A sense of identity sums up the perceived social and scientific aspects of a city. Reviewing the history of planning and architecture provides making sense of a place by tracing the evolution of improvements that made how we live our lives today. For today in the digital era, it is easier to learn and make oneself learn of the sense of one’s environment, aside from the ecological perspective where the environment is often associated with.

It is more than “postcolonial hunger and longing” if the identity of one’s surroundings is put into context. Here, the best practices of the old and new are observed. By analyzing pros and cons of things early and contemporary, it will be realized that there is more than what we do at present. To observe patterns from centuries ago can provide insights on how the local ways of living evolved and how it came to be today. Funding and proper education for scientists, both young and experienced, should also be a priority, and scholars should be motivated to study with regard to environmental concerns and needs of a place. Changes in the environment (particularly due to reclamation, logging, and mining) may bring irreplaceable side effects, so regulations must be implemented strictly. It is also best to establish communication with the locals, because they are masters of their lands and harvest.

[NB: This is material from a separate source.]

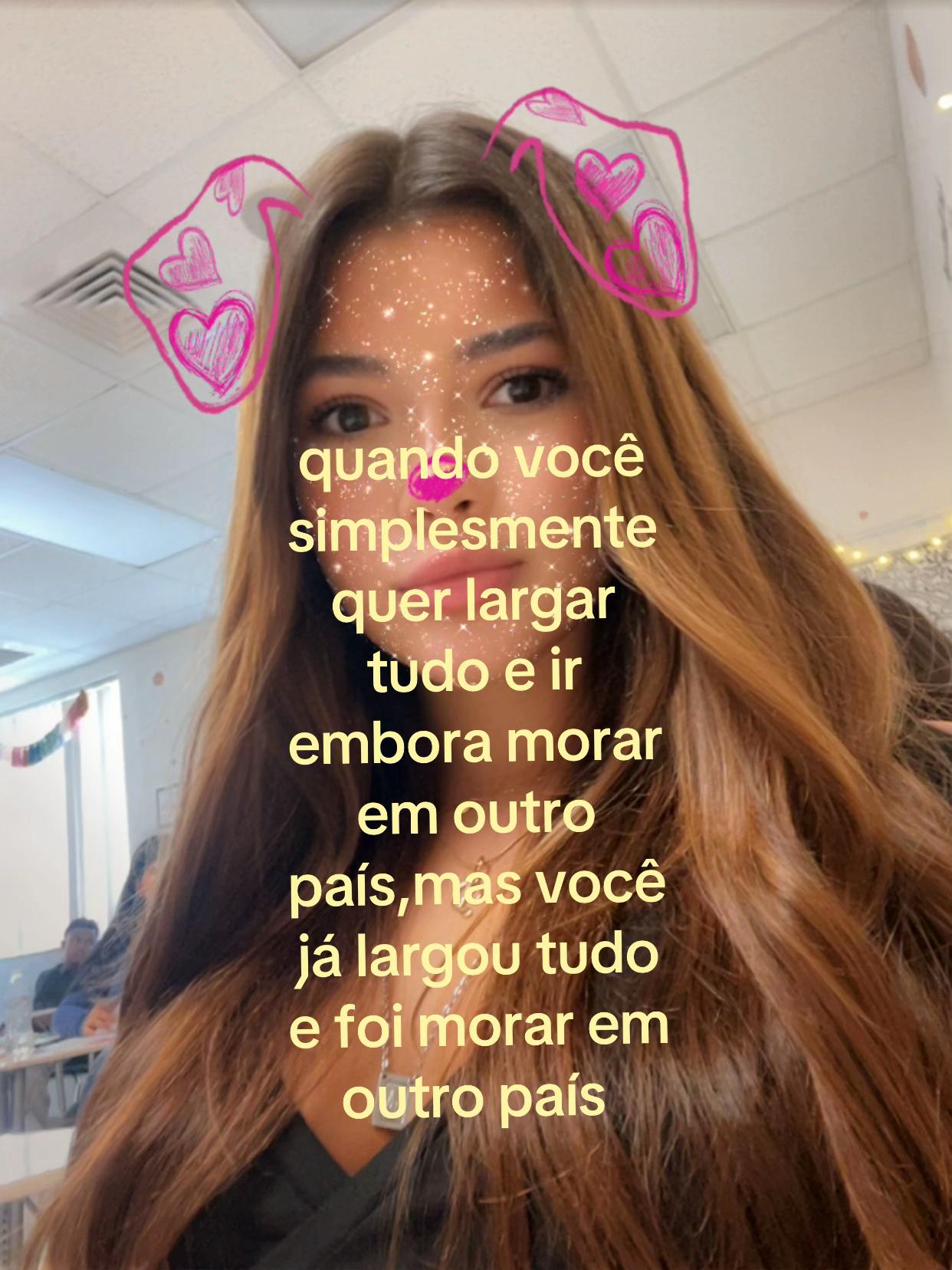 @Dandi.Schwartz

Perhaps soon, we might be able to have row houses that coexist with rice fields without destroying the arable land in favor of a paved subdivision. I believe it is still quite a long way to achieving what is truly helpful for us and the environment, as “eco-friendly” structures do not end with high blocks stuffed with plants. With sustainable cities, children would more likely live lives and neighborhoods that every child deserves. Sustainability is, after all, a matter of contextualized coexistence with consistency and thorough planning.